> _RECORDS FOR THIS EXERCISE_:
· · ·

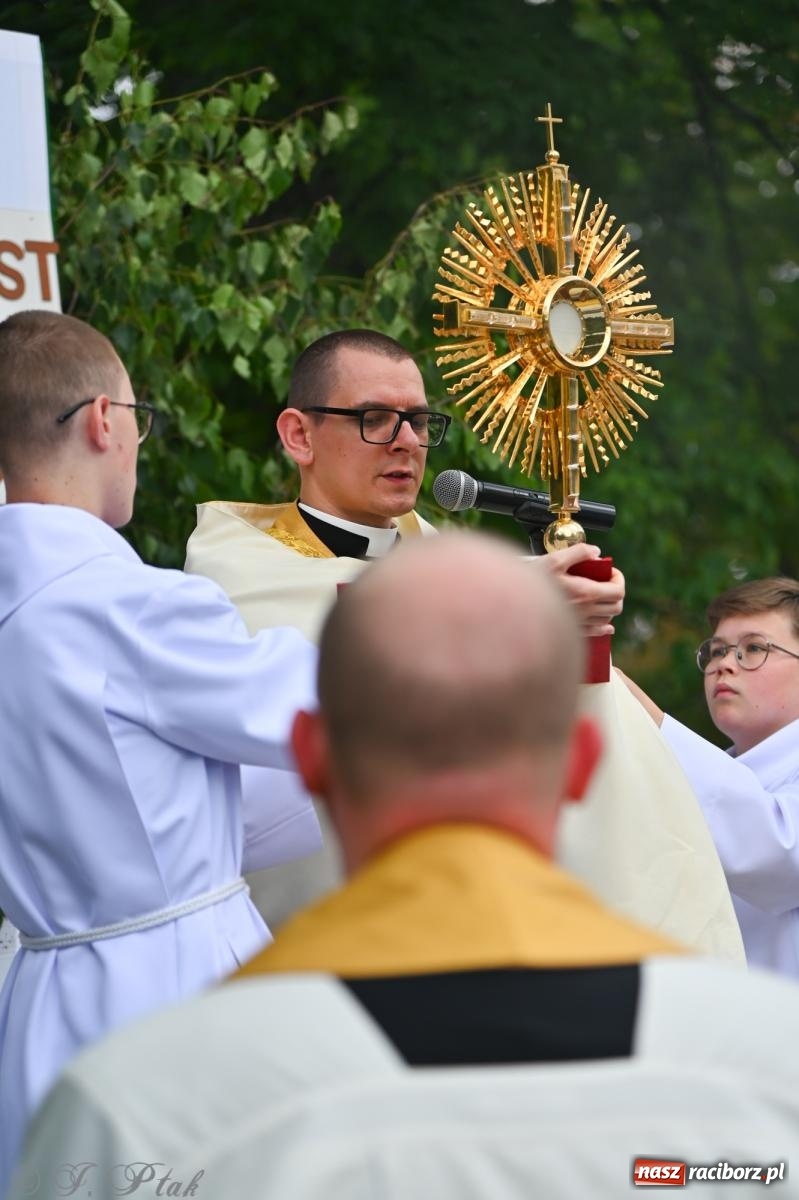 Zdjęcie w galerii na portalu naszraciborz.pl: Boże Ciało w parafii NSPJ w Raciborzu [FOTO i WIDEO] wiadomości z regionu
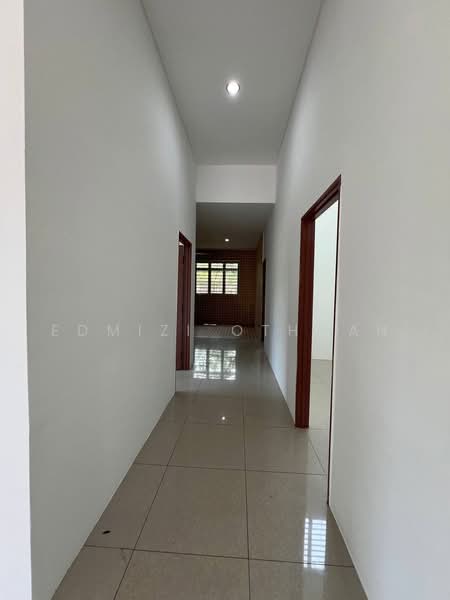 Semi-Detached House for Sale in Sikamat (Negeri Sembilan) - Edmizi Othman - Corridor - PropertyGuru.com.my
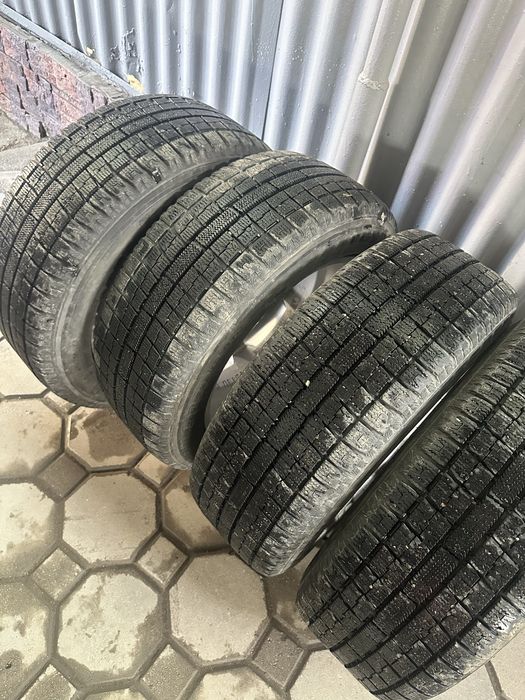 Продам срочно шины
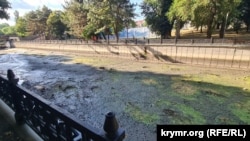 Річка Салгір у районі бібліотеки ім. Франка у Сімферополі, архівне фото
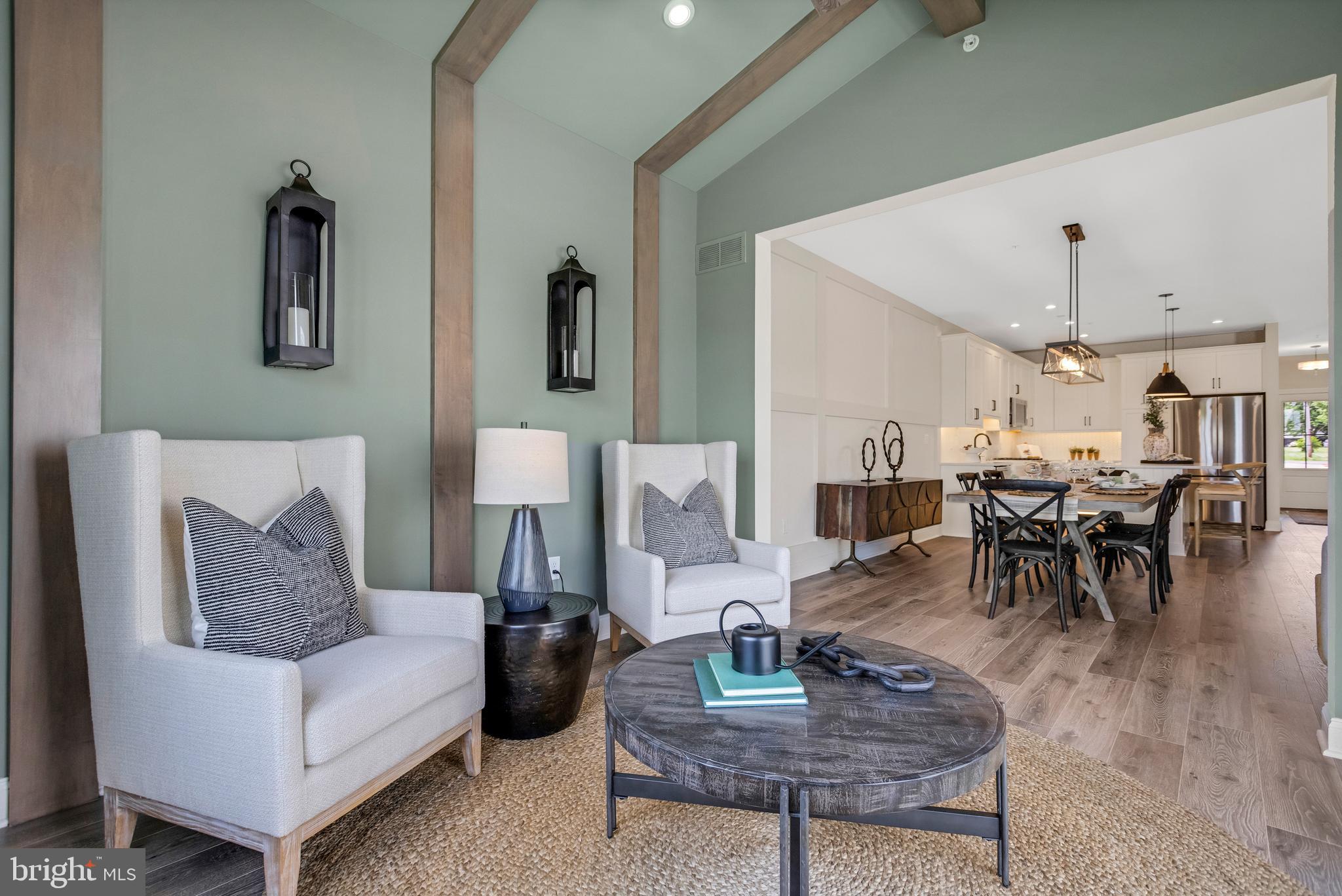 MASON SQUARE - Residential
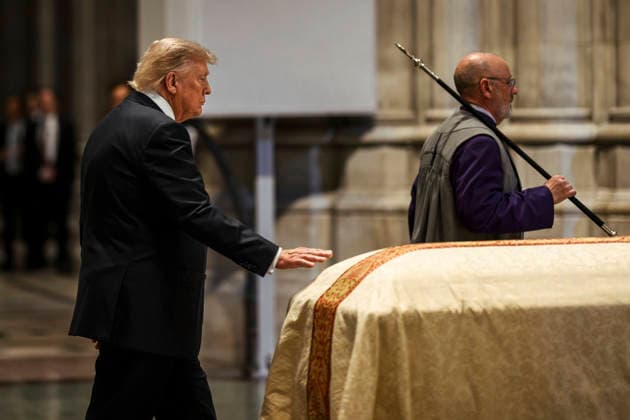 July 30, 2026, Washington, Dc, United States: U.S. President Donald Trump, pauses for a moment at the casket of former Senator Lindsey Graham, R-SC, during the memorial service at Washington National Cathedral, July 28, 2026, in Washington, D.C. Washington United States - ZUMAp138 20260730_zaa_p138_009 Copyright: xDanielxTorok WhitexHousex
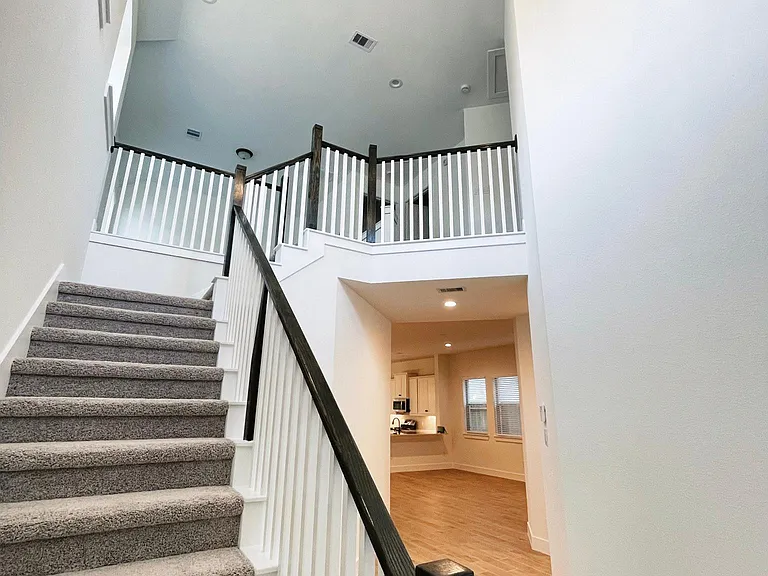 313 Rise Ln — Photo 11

· · ·

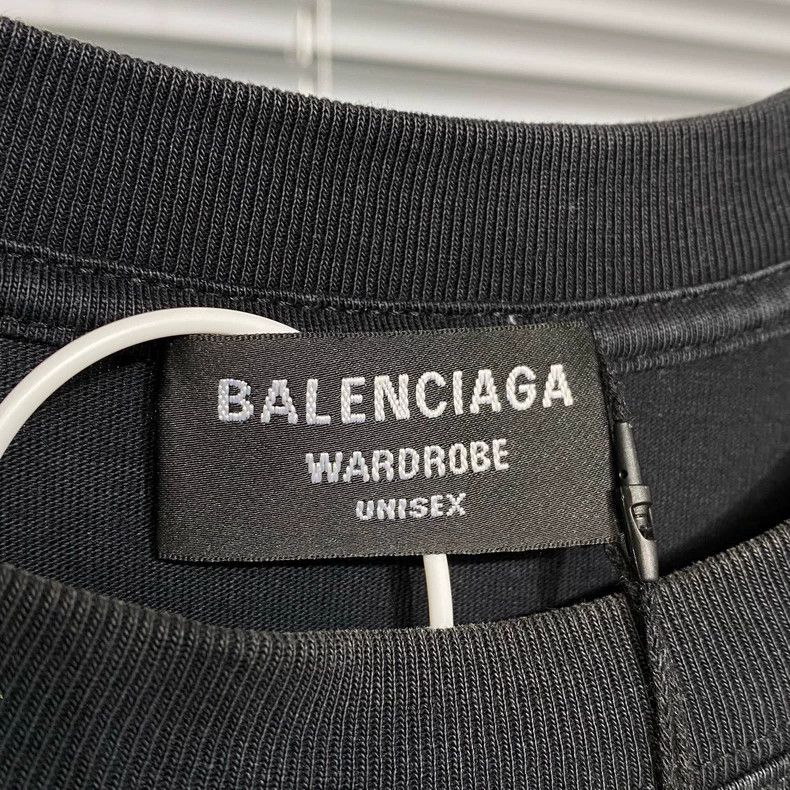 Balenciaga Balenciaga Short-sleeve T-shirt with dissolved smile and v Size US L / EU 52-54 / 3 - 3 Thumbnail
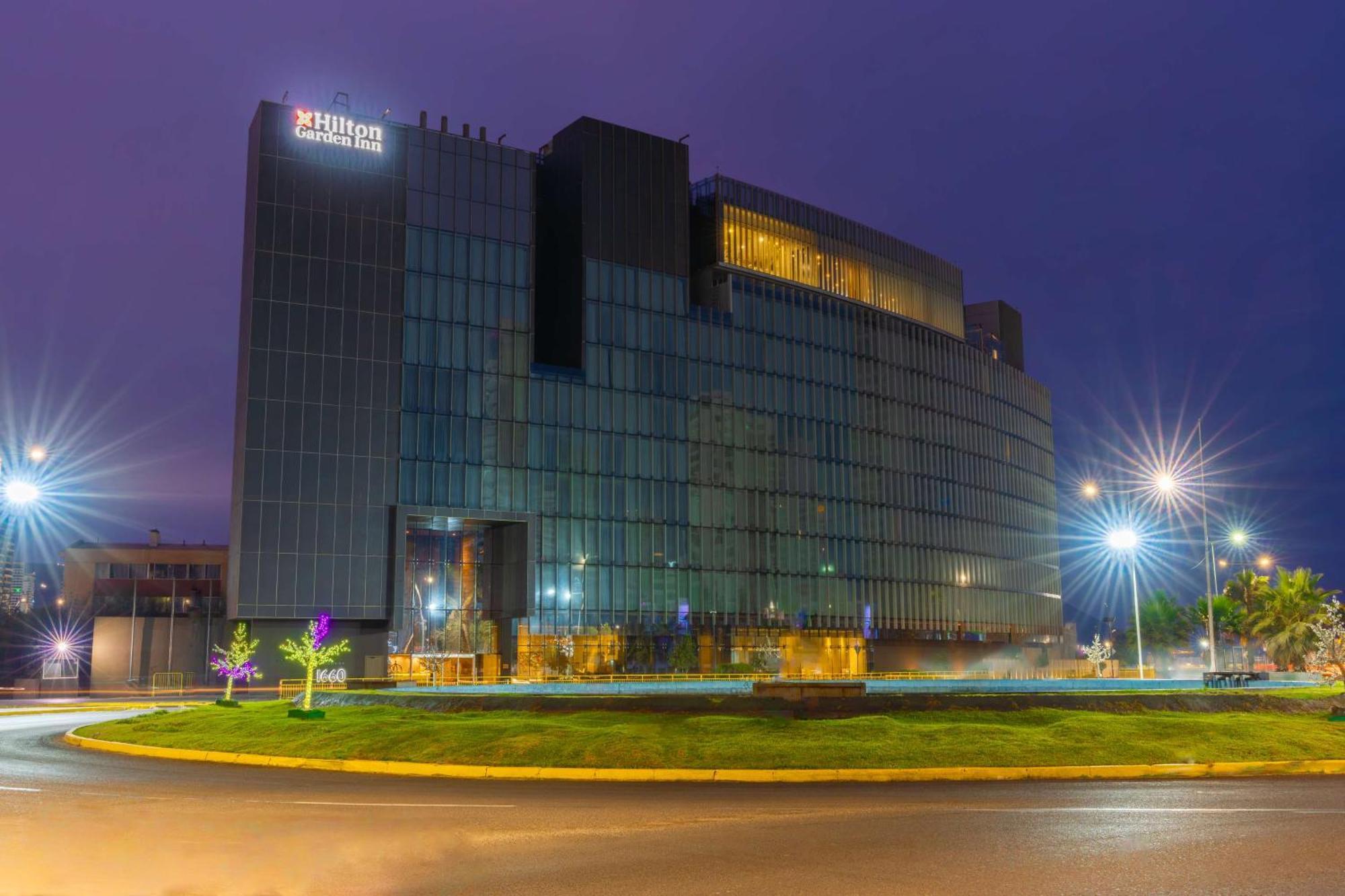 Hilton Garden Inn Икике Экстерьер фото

· · ·

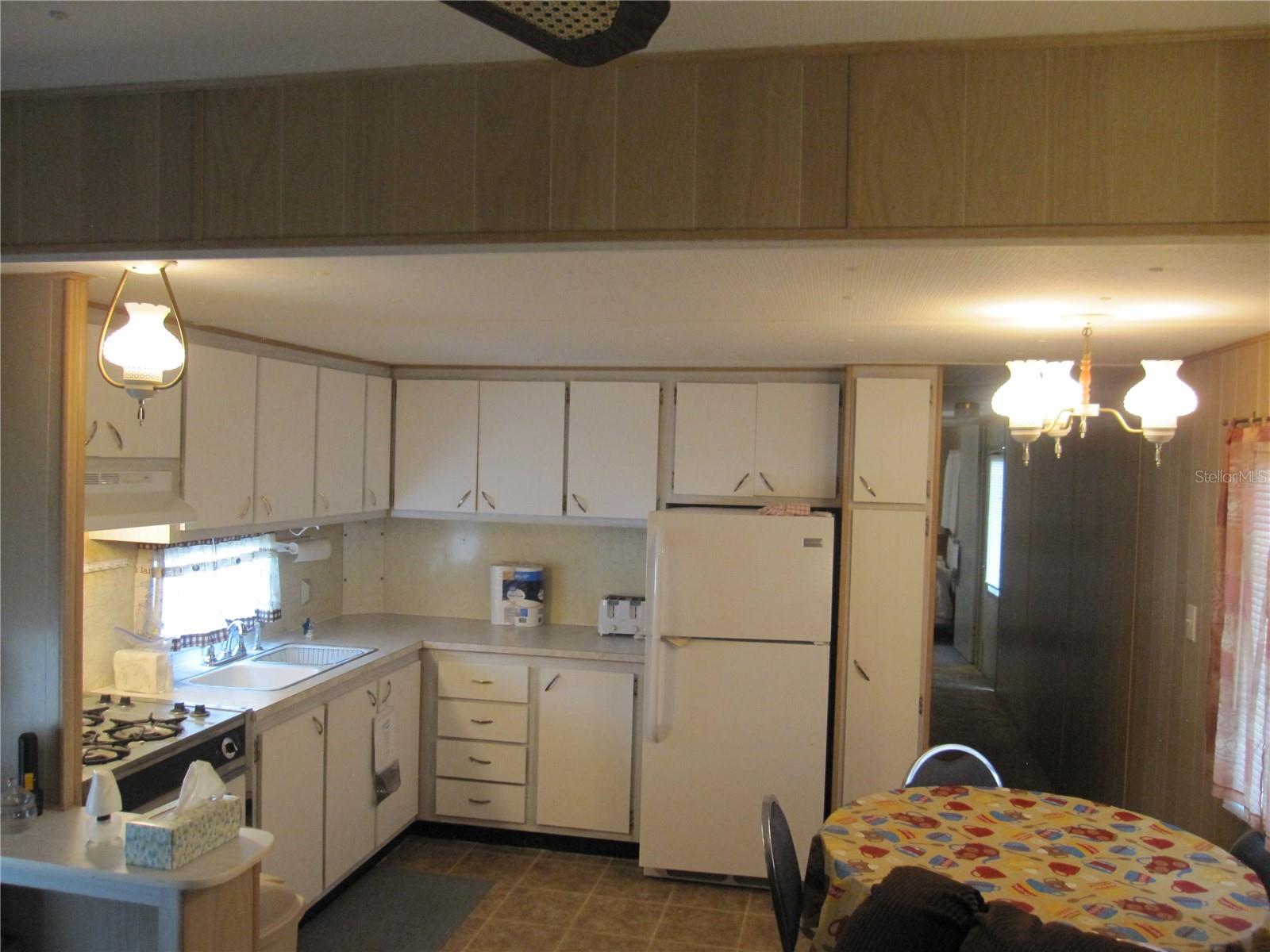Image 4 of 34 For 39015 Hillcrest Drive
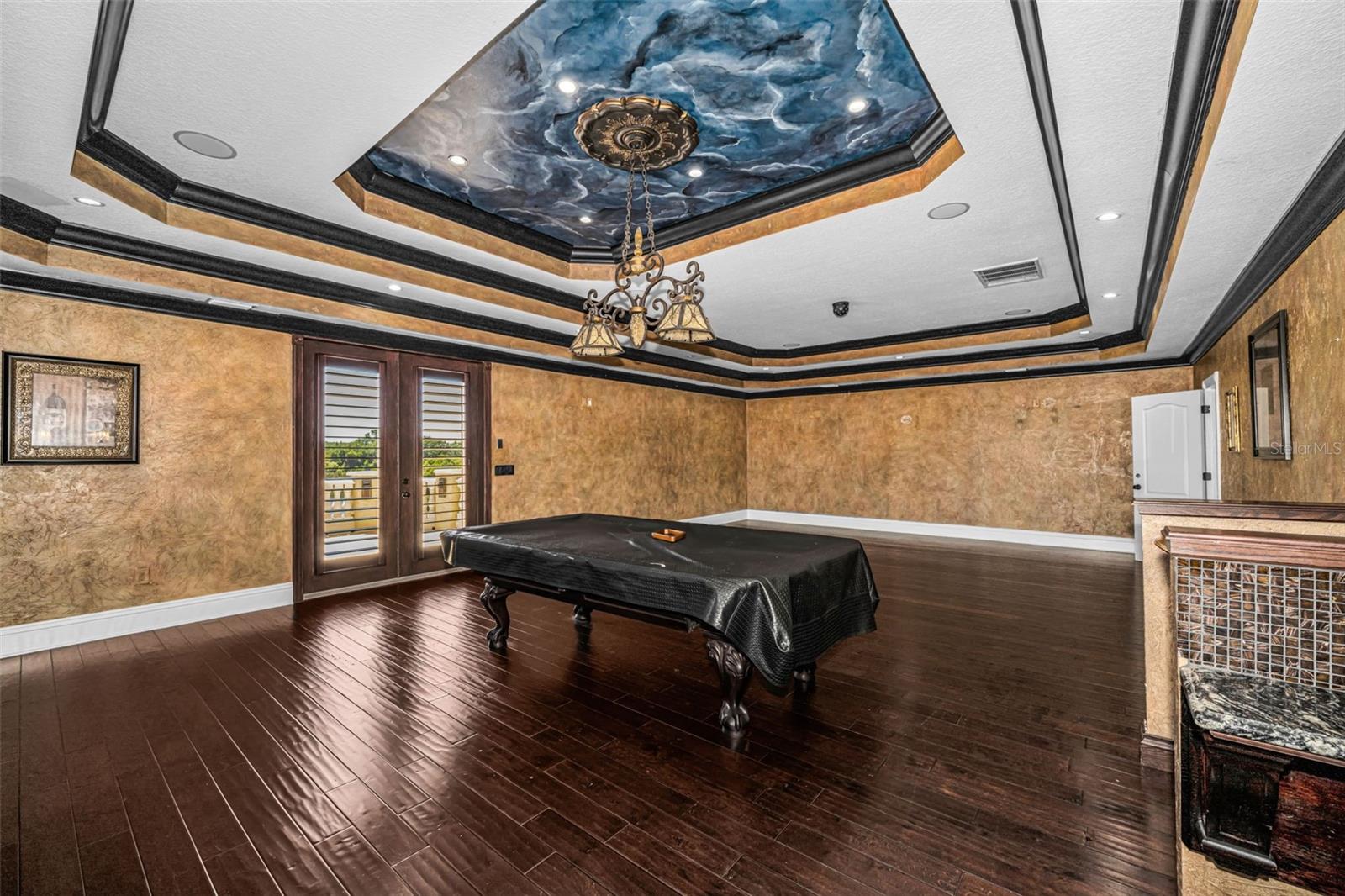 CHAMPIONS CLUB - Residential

· · ·

Could the stretch from the line with "Zdjęcie w galerii" through the line with "313 Rise Ln — Photo 11" in the listing above be restated word for word, minus the pictures?

> _REPLY TO THE TASK_:
 Zdjęcie w galerii na portalu naszraciborz.pl: Boże Ciało w parafii NSPJ w Raciborzu [FOTO i WIDEO] wiadomości z regionu
 Semi-Detached House for Sale in Sikamat (Negeri Sembilan) - Edmizi Othman - Corridor - PropertyGuru.com.my
 Продам срочно шины
 Річка Салгір у районі бібліотеки ім. Франка у Сімферополі, архівне фото
 MASON SQUARE - Residential
 July 30, 2026, Washington, Dc, United States: U.S. President Donald Trump, pauses for a moment at the casket of former Senator Lindsey Graham, R-SC, during the memorial service at Washington National Cathedral, July 28, 2026, in Washington, D.C. Washington United States - ZUMAp138 20260730_zaa_p138_009 Copyright: xDanielxTorok WhitexHousex
 313 Rise Ln — Photo 11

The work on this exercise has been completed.